## PROMPT
Exact copy, no pictures: return only the lines below from the line with "Guest wears a" up to and including the line with "Fluffy Clouds in Blue Sky".

(Scraped caption text data)
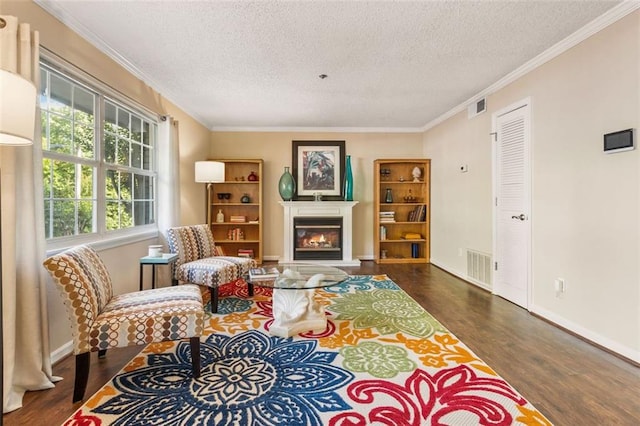 living area featuring wood finished floors, a textured ceiling, a glass covered fireplace, crown molding, and baseboards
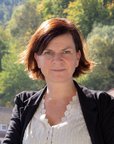 Eine Frau mit schulterlangen, braunen Haaren steht im Freien, vor einer bewaldeten Landschaft mit bunten Herbstblättern. Sie trägt eine schwarze Jacke und ein weißes Oberteil.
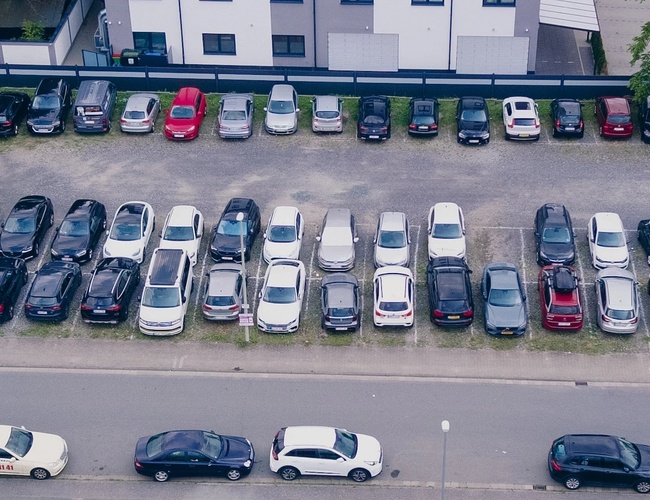 Parking Mein-Flughafenparkplatz-Frankfurt P3. Zdjęcie lotnicze ukazujące kilkanaście zaparkowanych pojazdów na dużym placu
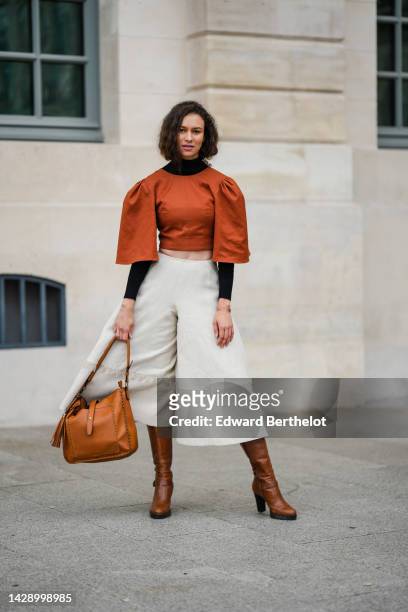 Guest wears a black turtleneck / long sleeves cropped top, a camel puffy short sleeves cropped blouse, high waist white latte linen oversized wide...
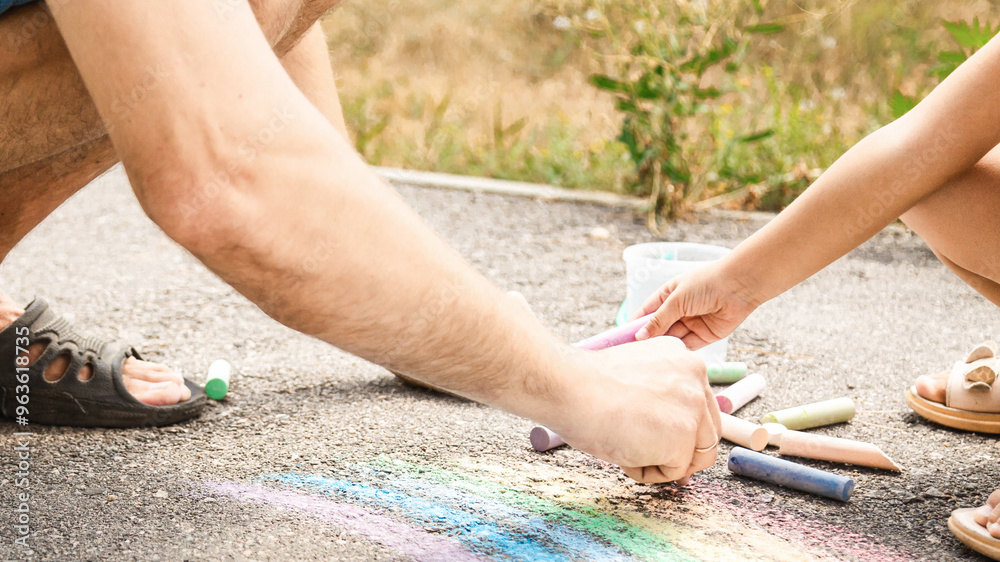 Father and his little daughter drawing together with chalks on street in summer Father and his little daughter drawing together with chalks on street in summer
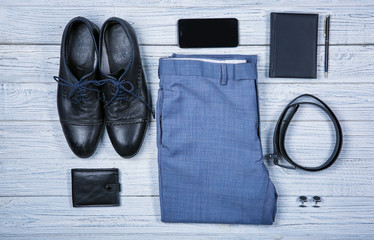 Set of stylish male clothes and accessories on wooden background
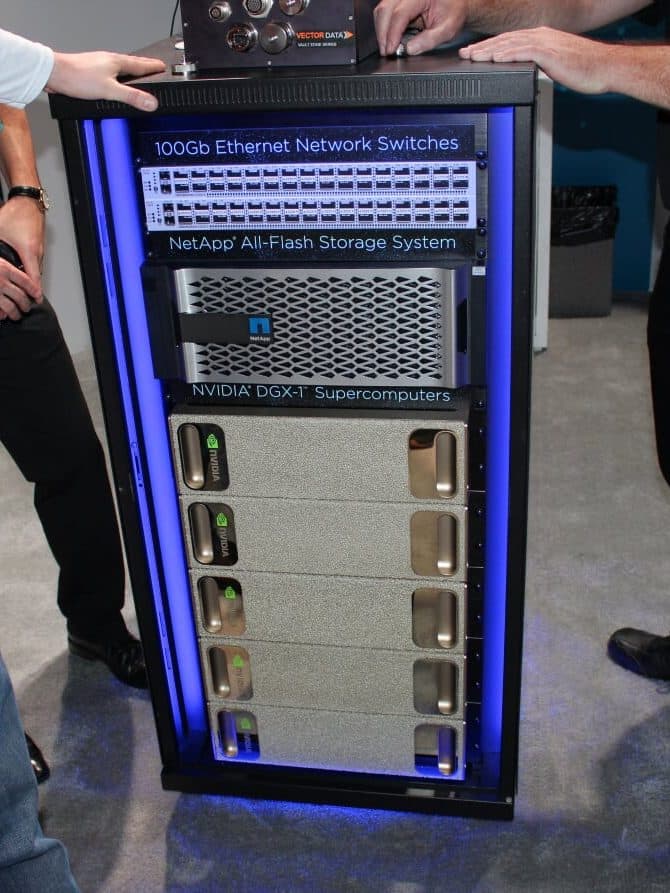 A rack with NetApp all-flash storage and NVIDIA DGX-1 systems connected through 100 Gb Ethernet switches, shown at a trade show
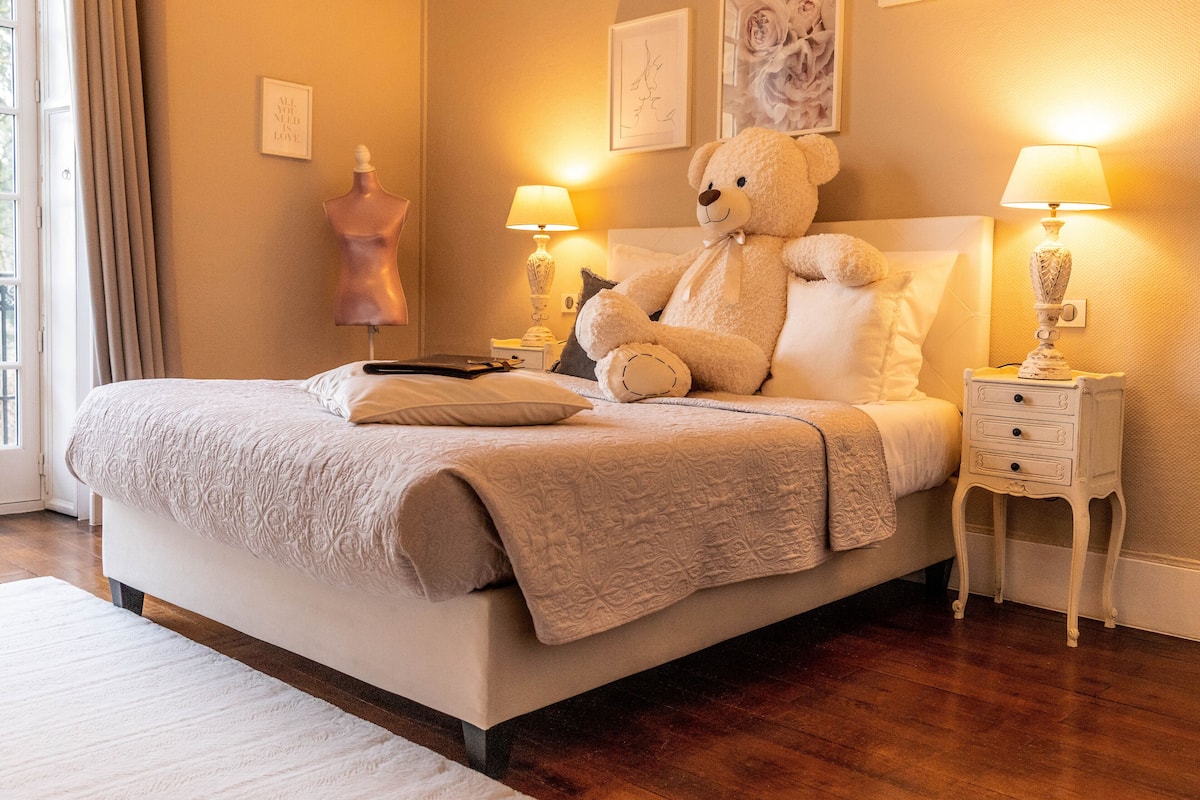 Una cama bien hecha con un gran osito de peluche, dos lámparas de noche y un aparador con cajones.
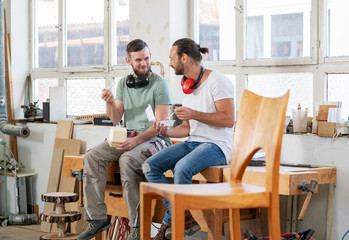 two worker in a carpenter's workshop taking a break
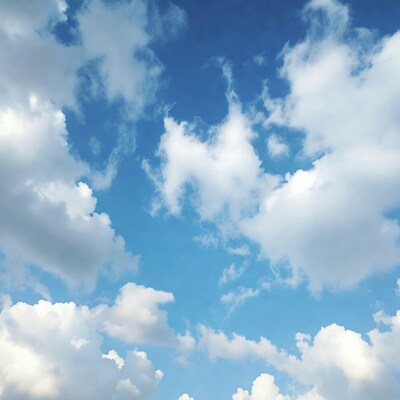 Fluffy Clouds in Blue Sky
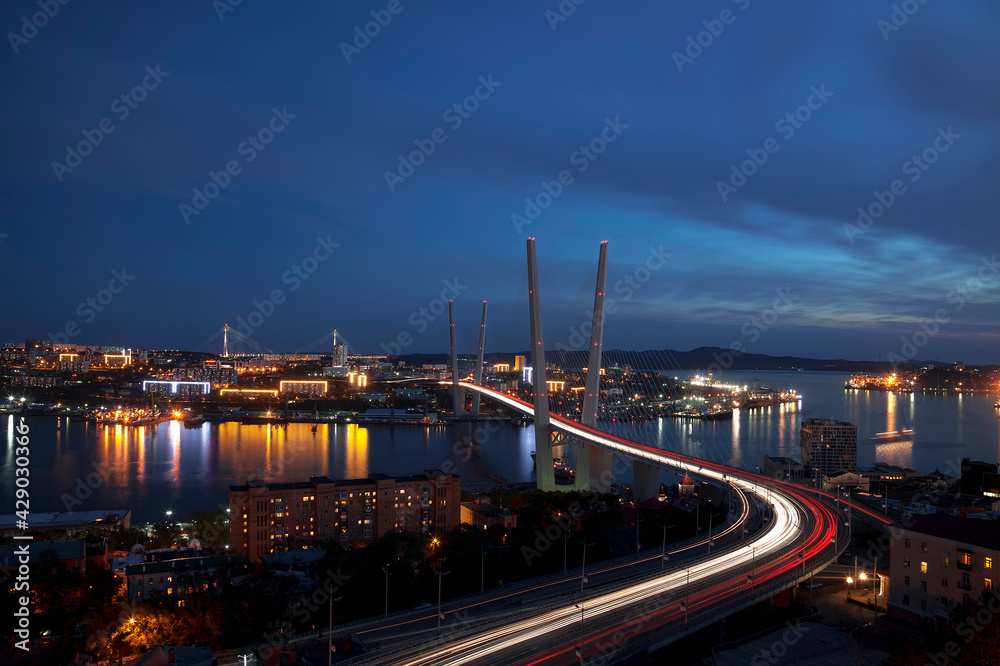 View of the night Vladivostok, the Golden Horn Bridge across the Golden Horn Bay, the Russian Bridge and city blocks. Far East, Russia View of the night Vladivostok, the Golden Horn Bridge across the Golden Horn Bay, the Russian Bridge and city blocks. Far East, Russia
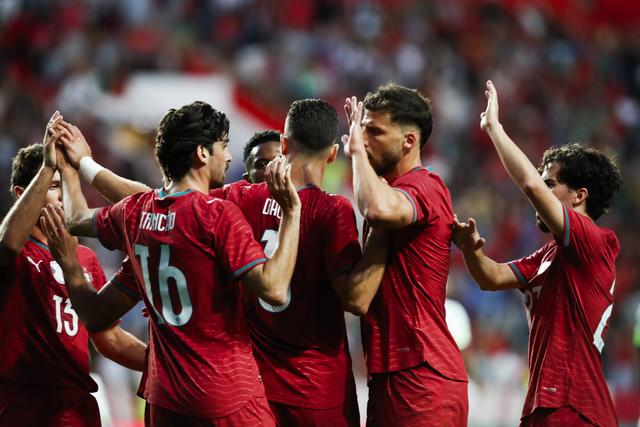 Jogadores da Seleção felicitam Trincão após o golo de Portugal frente à Nigéria - Foto: PAULO CUNHA/LUSA
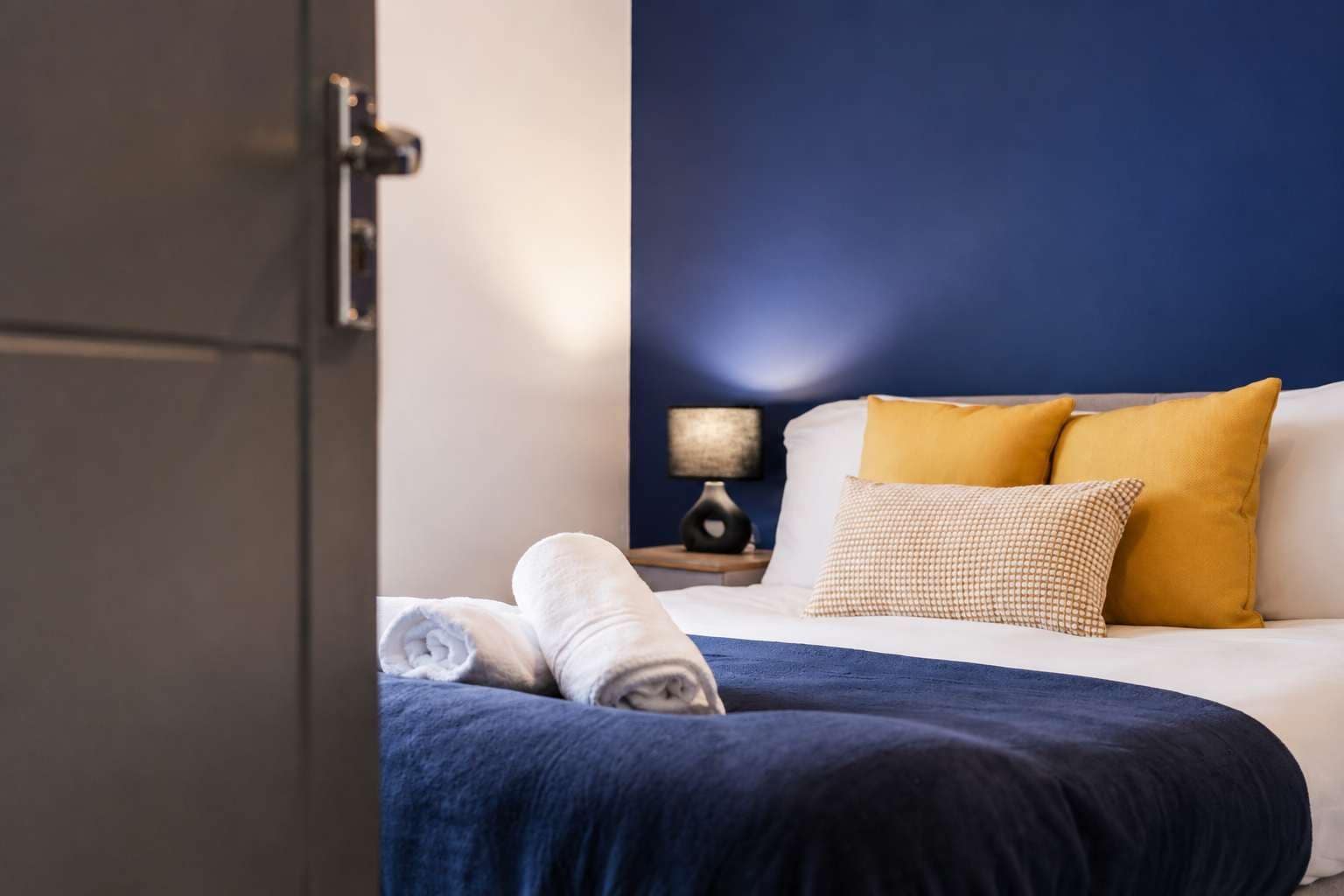 Une chambre d’hôtel avec un lit, une table de chevet et une lampe.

## WRITTEN RESPONSE
 Guest wears a black turtleneck / long sleeves cropped top, a camel puffy short sleeves cropped blouse, high waist white latte linen oversized wide...
 Father and his little daughter drawing together with chalks on street in summer Father and his little daughter drawing together with chalks on street in summer
 Set of stylish male clothes and accessories on wooden background
 A rack with NetApp all-flash storage and NVIDIA DGX-1 systems connected through 100 Gb Ethernet switches, shown at a trade show
 Una cama bien hecha con un gran osito de peluche, dos lámparas de noche y un aparador con cajones.
 two worker in a carpenter's workshop taking a break
 Fluffy Clouds in Blue Sky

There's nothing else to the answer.